[[ Dataset entries, beginning ]]

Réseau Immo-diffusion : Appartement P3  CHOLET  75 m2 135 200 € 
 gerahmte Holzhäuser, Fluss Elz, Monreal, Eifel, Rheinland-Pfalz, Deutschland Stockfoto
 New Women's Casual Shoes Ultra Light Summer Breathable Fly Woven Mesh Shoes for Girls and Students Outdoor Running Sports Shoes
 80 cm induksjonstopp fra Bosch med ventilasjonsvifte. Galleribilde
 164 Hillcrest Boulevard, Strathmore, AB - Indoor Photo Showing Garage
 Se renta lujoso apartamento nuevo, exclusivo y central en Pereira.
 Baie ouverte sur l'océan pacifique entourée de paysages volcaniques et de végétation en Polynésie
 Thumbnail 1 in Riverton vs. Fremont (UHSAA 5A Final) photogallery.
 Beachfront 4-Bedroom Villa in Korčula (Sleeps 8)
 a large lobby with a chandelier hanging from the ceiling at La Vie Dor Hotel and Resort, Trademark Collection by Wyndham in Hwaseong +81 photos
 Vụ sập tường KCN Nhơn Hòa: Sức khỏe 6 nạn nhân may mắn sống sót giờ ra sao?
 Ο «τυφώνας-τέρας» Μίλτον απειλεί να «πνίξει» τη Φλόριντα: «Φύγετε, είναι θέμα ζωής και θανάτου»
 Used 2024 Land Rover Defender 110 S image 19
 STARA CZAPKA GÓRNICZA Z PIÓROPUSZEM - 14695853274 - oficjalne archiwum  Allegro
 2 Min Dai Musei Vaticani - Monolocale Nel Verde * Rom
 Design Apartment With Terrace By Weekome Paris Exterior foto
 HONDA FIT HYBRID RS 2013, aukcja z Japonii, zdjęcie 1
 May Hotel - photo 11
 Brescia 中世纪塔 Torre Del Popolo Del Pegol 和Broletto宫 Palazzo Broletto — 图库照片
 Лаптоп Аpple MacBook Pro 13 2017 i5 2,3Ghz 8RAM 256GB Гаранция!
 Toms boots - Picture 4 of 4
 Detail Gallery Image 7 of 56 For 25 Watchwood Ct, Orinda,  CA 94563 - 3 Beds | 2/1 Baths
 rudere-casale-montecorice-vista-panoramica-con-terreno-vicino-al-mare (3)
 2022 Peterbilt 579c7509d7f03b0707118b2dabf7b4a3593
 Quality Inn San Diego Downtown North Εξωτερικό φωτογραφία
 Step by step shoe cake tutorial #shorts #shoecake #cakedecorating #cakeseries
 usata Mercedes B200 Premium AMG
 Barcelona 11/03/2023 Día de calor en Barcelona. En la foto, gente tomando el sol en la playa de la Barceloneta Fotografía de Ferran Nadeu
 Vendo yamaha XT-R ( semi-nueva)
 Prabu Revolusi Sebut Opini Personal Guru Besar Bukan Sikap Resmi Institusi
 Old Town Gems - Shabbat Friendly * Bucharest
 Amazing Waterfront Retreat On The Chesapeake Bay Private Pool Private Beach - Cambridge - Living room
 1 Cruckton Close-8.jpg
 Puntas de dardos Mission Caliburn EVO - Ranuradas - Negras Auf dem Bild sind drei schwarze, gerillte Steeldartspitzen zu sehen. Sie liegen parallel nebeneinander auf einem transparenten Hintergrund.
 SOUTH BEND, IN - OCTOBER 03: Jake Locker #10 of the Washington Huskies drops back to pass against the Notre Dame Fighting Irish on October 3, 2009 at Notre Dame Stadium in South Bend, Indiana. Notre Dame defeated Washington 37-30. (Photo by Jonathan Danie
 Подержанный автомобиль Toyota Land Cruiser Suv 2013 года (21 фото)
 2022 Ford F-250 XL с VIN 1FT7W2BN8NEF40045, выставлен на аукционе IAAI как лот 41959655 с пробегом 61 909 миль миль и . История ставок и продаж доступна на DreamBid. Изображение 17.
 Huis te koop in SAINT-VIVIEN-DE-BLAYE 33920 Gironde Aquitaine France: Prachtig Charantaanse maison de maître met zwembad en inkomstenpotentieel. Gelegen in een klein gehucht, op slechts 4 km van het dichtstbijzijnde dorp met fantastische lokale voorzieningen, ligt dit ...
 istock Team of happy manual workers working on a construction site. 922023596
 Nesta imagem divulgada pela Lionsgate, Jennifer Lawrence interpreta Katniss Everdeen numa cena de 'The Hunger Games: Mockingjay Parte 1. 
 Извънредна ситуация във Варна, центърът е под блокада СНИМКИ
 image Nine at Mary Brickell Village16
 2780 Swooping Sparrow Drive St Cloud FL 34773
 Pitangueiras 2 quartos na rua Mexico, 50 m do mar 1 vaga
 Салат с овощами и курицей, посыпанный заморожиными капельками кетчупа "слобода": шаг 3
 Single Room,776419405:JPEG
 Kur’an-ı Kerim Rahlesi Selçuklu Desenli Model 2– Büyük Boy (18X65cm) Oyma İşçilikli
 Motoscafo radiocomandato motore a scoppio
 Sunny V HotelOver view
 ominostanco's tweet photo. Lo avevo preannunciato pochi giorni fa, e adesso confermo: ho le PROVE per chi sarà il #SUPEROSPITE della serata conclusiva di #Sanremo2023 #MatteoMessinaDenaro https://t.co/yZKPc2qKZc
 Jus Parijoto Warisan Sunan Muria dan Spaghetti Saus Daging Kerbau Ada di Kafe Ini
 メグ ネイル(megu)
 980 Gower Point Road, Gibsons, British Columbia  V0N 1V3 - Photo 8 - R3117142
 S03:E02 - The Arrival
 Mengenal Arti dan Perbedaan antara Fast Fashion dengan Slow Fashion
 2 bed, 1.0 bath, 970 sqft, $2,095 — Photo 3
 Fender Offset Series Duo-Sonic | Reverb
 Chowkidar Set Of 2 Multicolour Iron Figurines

[[ Dataset entries, end ]]

## Work instruction
Return the data in its entirety, exactly as given.

## Your solution
Réseau Immo-diffusion : Appartement P3  CHOLET  75 m2 135 200 € 
 gerahmte Holzhäuser, Fluss Elz, Monreal, Eifel, Rheinland-Pfalz, Deutschland Stockfoto
 New Women's Casual Shoes Ultra Light Summer Breathable Fly Woven Mesh Shoes for Girls and Students Outdoor Running Sports Shoes
 80 cm induksjonstopp fra Bosch med ventilasjonsvifte. Galleribilde
 164 Hillcrest Boulevard, Strathmore, AB - Indoor Photo Showing Garage
 Se renta lujoso apartamento nuevo, exclusivo y central en Pereira.
 Baie ouverte sur l'océan pacifique entourée de paysages volcaniques et de végétation en Polynésie
 Thumbnail 1 in Riverton vs. Fremont (UHSAA 5A Final) photogallery.
 Beachfront 4-Bedroom Villa in Korčula (Sleeps 8)
 a large lobby with a chandelier hanging from the ceiling at La Vie Dor Hotel and Resort, Trademark Collection by Wyndham in Hwaseong +81 photos
 Vụ sập tường KCN Nhơn Hòa: Sức khỏe 6 nạn nhân may mắn sống sót giờ ra sao?
 Ο «τυφώνας-τέρας» Μίλτον απειλεί να «πνίξει» τη Φλόριντα: «Φύγετε, είναι θέμα ζωής και θανάτου»
 Used 2024 Land Rover Defender 110 S image 19
 STARA CZAPKA GÓRNICZA Z PIÓROPUSZEM - 14695853274 - oficjalne archiwum  Allegro
 2 Min Dai Musei Vaticani - Monolocale Nel Verde * Rom
 Design Apartment With Terrace By Weekome Paris Exterior foto
 HONDA FIT HYBRID RS 2013, aukcja z Japonii, zdjęcie 1
 May Hotel - photo 11
 Brescia 中世纪塔 Torre Del Popolo Del Pegol 和Broletto宫 Palazzo Broletto — 图库照片
 Лаптоп Аpple MacBook Pro 13 2017 i5 2,3Ghz 8RAM 256GB Гаранция!
 Toms boots - Picture 4 of 4
 Detail Gallery Image 7 of 56 For 25 Watchwood Ct, Orinda,  CA 94563 - 3 Beds | 2/1 Baths
 rudere-casale-montecorice-vista-panoramica-con-terreno-vicino-al-mare (3)
 2022 Peterbilt 579c7509d7f03b0707118b2dabf7b4a3593
 Quality Inn San Diego Downtown North Εξωτερικό φωτογραφία
 Step by step shoe cake tutorial #shorts #shoecake #cakedecorating #cakeseries
 usata Mercedes B200 Premium AMG
 Barcelona 11/03/2023 Día de calor en Barcelona. En la foto, gente tomando el sol en la playa de la Barceloneta Fotografía de Ferran Nadeu
 Vendo yamaha XT-R ( semi-nueva)
 Prabu Revolusi Sebut Opini Personal Guru Besar Bukan Sikap Resmi Institusi
 Old Town Gems - Shabbat Friendly * Bucharest
 Amazing Waterfront Retreat On The Chesapeake Bay Private Pool Private Beach - Cambridge - Living room
 1 Cruckton Close-8.jpg
 Puntas de dardos Mission Caliburn EVO - Ranuradas - Negras Auf dem Bild sind drei schwarze, gerillte Steeldartspitzen zu sehen. Sie liegen parallel nebeneinander auf einem transparenten Hintergrund.
 SOUTH BEND, IN - OCTOBER 03: Jake Locker #10 of the Washington Huskies drops back to pass against the Notre Dame Fighting Irish on October 3, 2009 at Notre Dame Stadium in South Bend, Indiana. Notre Dame defeated Washington 37-30. (Photo by Jonathan Danie
 Подержанный автомобиль Toyota Land Cruiser Suv 2013 года (21 фото)
 2022 Ford F-250 XL с VIN 1FT7W2BN8NEF40045, выставлен на аукционе IAAI как лот 41959655 с пробегом 61 909 миль миль и . История ставок и продаж доступна на DreamBid. Изображение 17.
 Huis te koop in SAINT-VIVIEN-DE-BLAYE 33920 Gironde Aquitaine France: Prachtig Charantaanse maison de maître met zwembad en inkomstenpotentieel. Gelegen in een klein gehucht, op slechts 4 km van het dichtstbijzijnde dorp met fantastische lokale voorzieningen, ligt dit ...
 istock Team of happy manual workers working on a construction site. 922023596
 Nesta imagem divulgada pela Lionsgate, Jennifer Lawrence interpreta Katniss Everdeen numa cena de 'The Hunger Games: Mockingjay Parte 1. 
 Извънредна ситуация във Варна, центърът е под блокада СНИМКИ
 image Nine at Mary Brickell Village16
 2780 Swooping Sparrow Drive St Cloud FL 34773
 Pitangueiras 2 quartos na rua Mexico, 50 m do mar 1 vaga
 Салат с овощами и курицей, посыпанный заморожиными капельками кетчупа "слобода": шаг 3
 Single Room,776419405:JPEG
 Kur’an-ı Kerim Rahlesi Selçuklu Desenli Model 2– Büyük Boy (18X65cm) Oyma İşçilikli
 Motoscafo radiocomandato motore a scoppio
 Sunny V HotelOver view
 ominostanco's tweet photo. Lo avevo preannunciato pochi giorni fa, e adesso confermo: ho le PROVE per chi sarà il #SUPEROSPITE della serata conclusiva di #Sanremo2023 #MatteoMessinaDenaro https://t.co/yZKPc2qKZc
 Jus Parijoto Warisan Sunan Muria dan Spaghetti Saus Daging Kerbau Ada di Kafe Ini
 メグ ネイル(megu)
 980 Gower Point Road, Gibsons, British Columbia  V0N 1V3 - Photo 8 - R3117142
 S03:E02 - The Arrival
 Mengenal Arti dan Perbedaan antara Fast Fashion dengan Slow Fashion
 2 bed, 1.0 bath, 970 sqft, $2,095 — Photo 3
 Fender Offset Series Duo-Sonic | Reverb
 Chowkidar Set Of 2 Multicolour Iron Figurines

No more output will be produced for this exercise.